The basic principles for recording signals on a magnetic medium
were set out in a paper by Oberlin Smith in the 1880's. The idea
was not taken any further until Valdemar Poulsen developed his
wire recording system in 1898. Magnetic tape was developed in
Germany in the mid 1930's to record and store sounds. The use
of tape for sound recording did not become widespread, however,
until the 1950's. The BBC, for example, was still using disc recorders
until around 1965.
The recording of images on magnetic tape came later. As with sound
recording, there were several systems before tape recording came
into common use. The first known recordings of images by a non-photographic
method were made by John Logie-Baird in 1924. The images were
recorded on to 78 rpm discs which are now in the National Sound
Archive in London. The first practical recordings of television
programmes were made using special film cameras filming video
screens. The first video recording machine using tape was made
by the BBC in 1955. It used a half inch tape running at 120 inches
per second - just over 3 metres per second. This was swiftly superseded
by the introduction of the Ampex Corporation's 2 inch video tape
system. The arrival of new formats for recording video pictures
has steadily increased since then. It has been calculated that,
taking the different broadcast standards and electricity supplies
into account, images have been recorded on over 100 different
formats in the 40 years since video-tape recording started.

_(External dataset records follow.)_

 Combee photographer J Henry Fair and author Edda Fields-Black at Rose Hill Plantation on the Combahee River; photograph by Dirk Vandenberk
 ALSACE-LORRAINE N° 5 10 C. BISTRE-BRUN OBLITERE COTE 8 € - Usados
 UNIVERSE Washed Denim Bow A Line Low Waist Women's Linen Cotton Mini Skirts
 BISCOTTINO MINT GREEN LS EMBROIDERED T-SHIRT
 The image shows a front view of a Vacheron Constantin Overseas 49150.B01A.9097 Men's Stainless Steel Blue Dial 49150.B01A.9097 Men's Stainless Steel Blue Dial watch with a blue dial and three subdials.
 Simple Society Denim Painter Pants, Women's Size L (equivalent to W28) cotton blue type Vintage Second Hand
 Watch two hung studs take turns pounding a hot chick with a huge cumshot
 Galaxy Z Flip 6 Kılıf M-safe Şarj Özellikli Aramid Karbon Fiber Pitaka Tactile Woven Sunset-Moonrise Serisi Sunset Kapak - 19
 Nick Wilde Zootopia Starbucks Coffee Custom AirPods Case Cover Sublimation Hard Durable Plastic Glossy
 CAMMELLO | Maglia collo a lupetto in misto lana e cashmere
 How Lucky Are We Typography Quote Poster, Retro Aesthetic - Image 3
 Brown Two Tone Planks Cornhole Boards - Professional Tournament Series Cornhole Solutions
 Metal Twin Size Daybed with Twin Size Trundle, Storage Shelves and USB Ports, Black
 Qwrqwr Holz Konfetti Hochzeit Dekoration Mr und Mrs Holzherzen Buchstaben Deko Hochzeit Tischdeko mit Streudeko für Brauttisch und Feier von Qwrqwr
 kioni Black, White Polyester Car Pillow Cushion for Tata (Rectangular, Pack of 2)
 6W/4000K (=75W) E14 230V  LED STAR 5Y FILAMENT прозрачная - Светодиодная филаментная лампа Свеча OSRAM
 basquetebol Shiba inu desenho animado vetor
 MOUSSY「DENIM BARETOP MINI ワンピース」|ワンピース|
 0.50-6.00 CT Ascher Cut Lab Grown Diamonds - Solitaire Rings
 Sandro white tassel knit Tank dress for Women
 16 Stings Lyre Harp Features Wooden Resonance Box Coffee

Although some dictating machines using a disc coated with a magnetic
pigment were in use from the 1950's, disc based media did not
develop until computers became widespread. The steady increase
in the storage capacity and decrease in physical size of both
hard and floppy disks has paralleled the developments in the tapes
used for sound and image recording.
Magnetic Tapes
Magnetic media in the form of tapes on open reel or housed in
cassettes and cartridges are the most widespread carriers for
audio and video data and are widely used for the storage of large
quantities of computer data. They are a reliable, lowrisk
and economical storage medium. Archivists can rely on a long period
of experience in the care and handling of magnetic tapes in archives.
If free from production faults, they can be preserved for many
years. The oldest audio tapes are now over 50 years old and still
perfectly readable.
Types of Magnetic Tape Construction
Early audio tapes used cellulose acetate as the support film material, which is also used for safety film. Cellulose acetate has a tendency to become brittle through hydrolysis caused by the moisture contained in the atmosphere. This brittleness generally causes serious problems when playing old audio tapes. Tapes with severe cases of hydrolysis can suffer from the socalled "Vinegar Syndrome", an auto-catalytic process whereby acetic acid is set free in ever increasing quantities and thus creates an accelerating effect on the decay process. This has been particularly experienced in film archives, especially in hot and humid climatic areas. Affected films become soft and limp, ending up as powder or slime. While, in theory, this may also happen to acetate audio tapes, no disastrous losses similar to those in the film world have been reported. Still, acetate tapes, which were produced until the mid 1960s, are at risk and transfer onto other carriers must be envisaged.
Another group of historical audio tapes used polyvinyl chloride
(PVC) as the base film material. As with vinyl discs, these tapes
have not exhibited any systematic instability; the long term prospects
are, however, unknown.
Polyester is the base film material which is used for all modern
audio and all video and computer tapes. It has the greatest resistance
of all base materials to mechanical stress and the influence of
humidity. No systematic stability problems have occurred so far
but, again, its stability over very long periods (centuries) is
unknown.
Many varieties of magnetic materials have been used for the pigment
layer, for example the various oxides of iron used from the very
first tapes until today and chromium dioxide. Only metal powder,
as used in more recent high density tape formats, has given cause
for serious concern. Early tapes metal powder tapes suffered from
corrosion but this problem now seems to be under control. There
is, again, no precise answer to the question of how long metal
particle tapes will keep their information undistorted and readable.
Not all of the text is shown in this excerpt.